Zing Forum

Reading

AI_Go_LLM: Testing the Limits of Large Language Models' Spatial Reasoning with Go

An innovative evaluation framework that quantitatively tests the real capabilities of Large Language Models (LLMs) in complex spatial reasoning and strategic decision-making tasks by comparing their move recommendations with those of KataGo, a professional Go AI.

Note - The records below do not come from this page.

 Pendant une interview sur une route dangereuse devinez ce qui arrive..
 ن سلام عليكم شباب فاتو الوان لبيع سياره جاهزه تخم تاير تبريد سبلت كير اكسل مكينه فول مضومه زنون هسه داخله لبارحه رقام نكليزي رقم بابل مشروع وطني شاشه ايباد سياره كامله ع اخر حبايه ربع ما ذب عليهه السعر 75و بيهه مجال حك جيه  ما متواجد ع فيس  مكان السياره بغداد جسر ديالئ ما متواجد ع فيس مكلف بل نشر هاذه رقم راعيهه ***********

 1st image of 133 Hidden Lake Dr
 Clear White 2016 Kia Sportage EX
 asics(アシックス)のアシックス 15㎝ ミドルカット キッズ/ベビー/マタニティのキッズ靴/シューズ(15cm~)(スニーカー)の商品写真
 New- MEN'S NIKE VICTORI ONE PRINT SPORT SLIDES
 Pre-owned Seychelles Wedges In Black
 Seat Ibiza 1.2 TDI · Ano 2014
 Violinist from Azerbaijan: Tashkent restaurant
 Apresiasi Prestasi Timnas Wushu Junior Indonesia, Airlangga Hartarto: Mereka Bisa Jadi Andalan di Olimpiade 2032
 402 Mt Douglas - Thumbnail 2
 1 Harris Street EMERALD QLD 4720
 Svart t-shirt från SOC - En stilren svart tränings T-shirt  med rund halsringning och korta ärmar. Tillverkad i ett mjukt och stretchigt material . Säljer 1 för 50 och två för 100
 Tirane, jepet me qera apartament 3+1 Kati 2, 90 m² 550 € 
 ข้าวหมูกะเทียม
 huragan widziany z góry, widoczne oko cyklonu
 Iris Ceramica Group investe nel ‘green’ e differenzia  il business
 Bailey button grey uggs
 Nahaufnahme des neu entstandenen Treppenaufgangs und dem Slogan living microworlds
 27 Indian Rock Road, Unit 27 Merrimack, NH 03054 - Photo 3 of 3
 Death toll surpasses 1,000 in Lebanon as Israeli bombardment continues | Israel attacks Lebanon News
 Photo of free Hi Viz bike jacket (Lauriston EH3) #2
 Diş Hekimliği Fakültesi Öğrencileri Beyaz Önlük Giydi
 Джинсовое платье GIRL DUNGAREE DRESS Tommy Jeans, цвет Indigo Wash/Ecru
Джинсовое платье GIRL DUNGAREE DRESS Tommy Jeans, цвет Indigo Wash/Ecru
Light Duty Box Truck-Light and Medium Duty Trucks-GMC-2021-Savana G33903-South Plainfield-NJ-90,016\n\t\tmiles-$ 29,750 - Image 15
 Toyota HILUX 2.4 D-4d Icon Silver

大语言模型围棋空间推理KataGoLLM评估DeepSeekSGF决策能力人工智能强化学习
Published 2026-05-14 10:44Recent activity 2026-05-14 11:01Estimated read 6 min
AI_Go_LLM: Testing the Limits of Large Language Models' Spatial Reasoning with Go
1

Section 01

[Introduction] AI_Go_LLM: Exploring the Limits of Large Language Models' Spatial Reasoning with Go

AI_Go_LLM is an innovative evaluation framework that quantitatively tests the real capabilities of Large Language Models (LLMs) in complex spatial reasoning and strategic decision-making tasks by comparing their move recommendations with those of KataGo, a professional Go AI. Go, with its simple rules but extremely complex strategy space, serves as an ideal benchmark for testing AI capabilities. This project aims to answer: Can LLMs, which are primarily trained on text, understand and master Go—a highly structured spatial game?

2

Section 02

Project Background: Why Go Is a Touchstone for LLM Capability Boundaries

Large language models excel at natural language tasks, but their capability boundaries remain to be explored. There are three key reasons Go is chosen as a testing scenario:

  1. Spatial Complexity: The global situation changes on a 19×19 grid require strong spatial perception abilities;
  2. Long-term Planning: Victory depends on strategic layouts over dozens of moves, requiring an understanding of each move's impact on the future;
  3. Creative Decision-making: Finding optimal moves in complex situations is essential. By comparing with KataGo, we can objectively quantify the spatial reasoning performance of LLMs.
3

Section 03

Technical Architecture: End-to-End Evaluation Pipeline Design

AI_Go_LLM adopts a modular architecture covering the complete evaluation pipeline:

  1. Game Record Standardization and Parsing: Use analyze_go.py to process SGF game records, supporting three representation formats: matrix, coordinates, and statistics;
  2. Dataset Construction: make_dataset.py extracts data from the first 6 moves of the opening, outputting JSONL files in Alpaca format;
  3. LLM Integration and Move Recommendation: llm_evaluator.py uses the DeepSeek model to analyze the situation and recommend moves;
  4. KataGo Benchmark Evaluation: evaluate_with_katago.py calls the KataGo engine to obtain benchmark moves;
  5. Evaluation Report Generation: Output results such as consistency ratio, performance analysis, and error statistics.
4

Section 04

Tech Stack and Implementation Details

The project is developed based on Python 3, with key technology selections:

  • SGF Parsing: Use the sgfmill library to process game records;
  • LLM Access: Call the DeepSeek API via the openai library for easy model switching;
  • Go AI: KataGo as the benchmark, with configuration managed via environment variables;
  • Environment Management: python-dotenv to load sensitive information;
  • Data Format: JSONL for storing training data, supporting stream processing.
5

Section 05

Insights from the Evaluation Methodology

The design of AI_Go_LLM provides a methodology for spatial reasoning evaluation:

  1. Domain Expert Benchmark: Professional AIs (like KataGo) serve as objective evaluation standards, which are more scalable than manual annotations;
  2. Multi-dimensional Capability Decomposition: Evaluate the model's performance in different dimensions such as spatial perception and planning through targeted test scenarios;
  3. Interpretability Priority: Require LLMs to provide reasons for their moves to facilitate the identification of cognitive blind spots.
6

Section 06

Future Outlook

With the development of multimodal models, AI_Go_LLM can expand in the following directions:

  • Vision-Language Integration: Combine chessboard images to test visual-spatial understanding;
  • Real-time Gameplay Ability: Evaluate the quality of continuous decision-making in complete games;
  • Teaching Ability Evaluation: Test the model's ability to explain Go concepts and guide learners. Go will continue to push the boundaries of AI exploration.